Se tivermos que definir este filme, então a melhor a dizer seria que é uma não convencional história de amor, não só entre um homem e uma mulher, que encontram afinidades nas incompatibilidades, mas sobre o próprio mundo que vivemos. “Folhas de Outono” é uma ode à existência, genuína, sem efeitos, apenas nua e crua como a verdade, falada por todas como uma forma de libertação e autoproteção a tudo o que pulula seus redores. Esse amor vem pelo coloquialismo de se enxergar “desespero” em situações mais urgentes e preocupantes, o hospital, por exemplo, e a sensibilidade aguçada da esperança, precisa, cirúrgica e metódica, mas que encontra o lado humano da empatia.

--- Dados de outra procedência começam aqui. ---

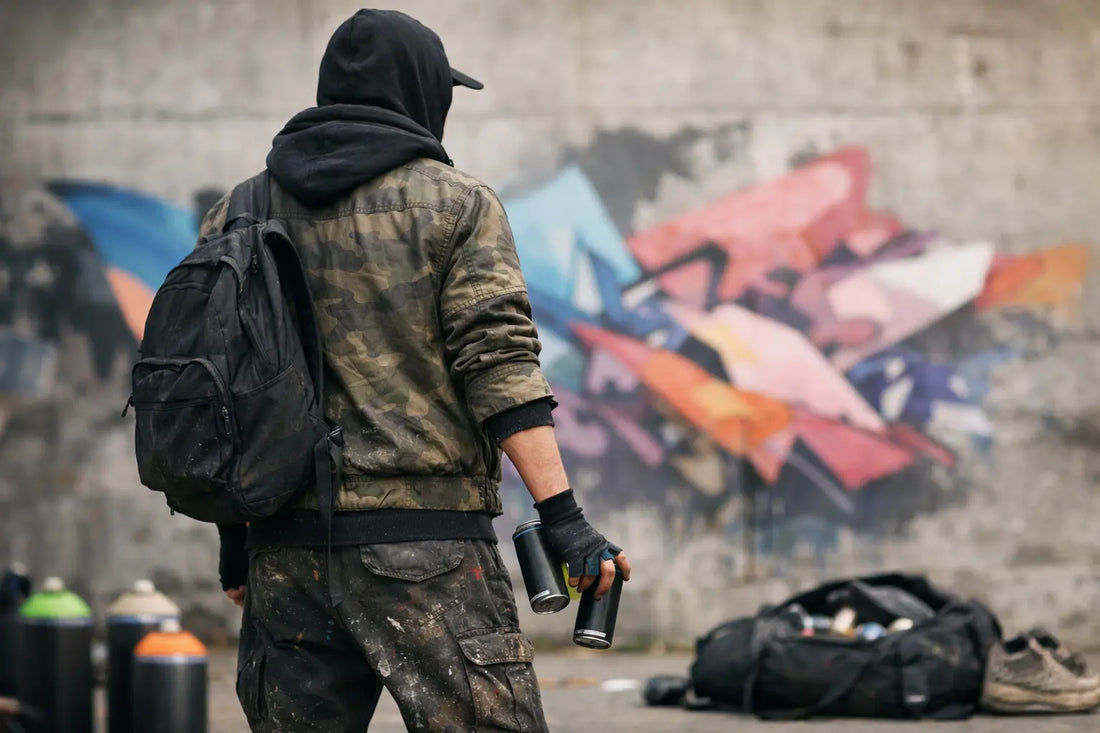What Do Street Artists Wear?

Ao estender narrativamente o close de suas personagens, “Folhas de Outono” consegue atravessar esses mundos paralelos e os personificar em um único instante de seus agoras. Com isso, Aki quer apresentar um antropológico e psicanalítico estudo crítico sobre os seres humanos que antes de existirem como individuais são obrigados a aceitar de forma condescendente a divisão espacial com o outro, “vendido” como próximo e como aquele que pode “fornecer” auxílio à jornada nossa de cada dia. A época abordada, o Outono, é outra metáfora, porque é considerada uma estação de transição, que tem uma queda gradativa na temperatura e folhas caindo. Os dias ficam mais curtos e as noites mais, e há diminuição da umidade do ar. Sim, Aki é um completo filósofo de nosso tempo. “Folhas de Outono” é o quarto capítulo da saga “Protelariat”, do diretor Aki Kaurismäki, formada por “Sombras no Paraíso” (1986), “Ariel” (1988) e “A Garota da Fábrica de Caixas de Fósforos” (1990).